Information supplied
☆ ☆ ☆

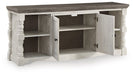 Havalance 67" TV Stand - Furniture House (VA)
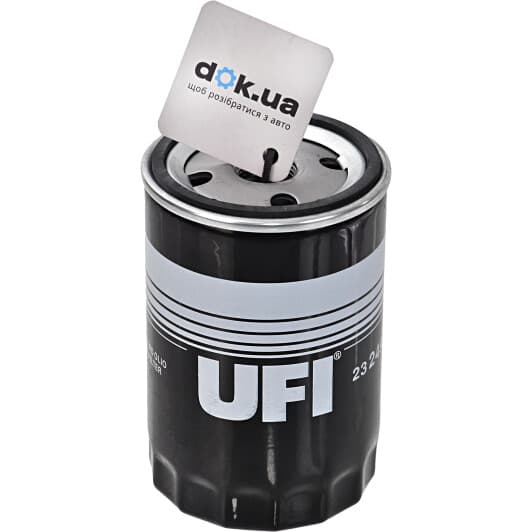 23.249.00 UFI Оливний фільтр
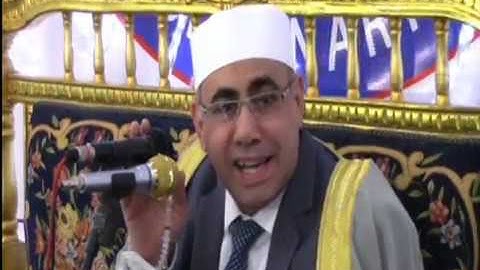 أحسن تلاوة | هزت مدينه دسوق بكفر الشيخ #عبدالناصرحرك | Qari Abdulnasser Harak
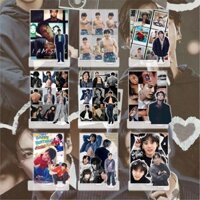 Bán Sản Phẩm Mới Jung kook Jung kook Album solo Acrylic Đôi Chèn Đứng Để Bàn Trang Trí Ngôi Sao Hàng Hóa Chất Lượng Cao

☆ ☆ ☆

Retype the data shown above exactly, excluding any picture it contains.

 Havalance 67" TV Stand - Furniture House (VA)
 23.249.00 UFI Оливний фільтр
 أحسن تلاوة | هزت مدينه دسوق بكفر الشيخ #عبدالناصرحرك | Qari Abdulnasser Harak
 Bán Sản Phẩm Mới Jung kook Jung kook Album solo Acrylic Đôi Chèn Đứng Để Bàn Trang Trí Ngôi Sao Hàng Hóa Chất Lượng Cao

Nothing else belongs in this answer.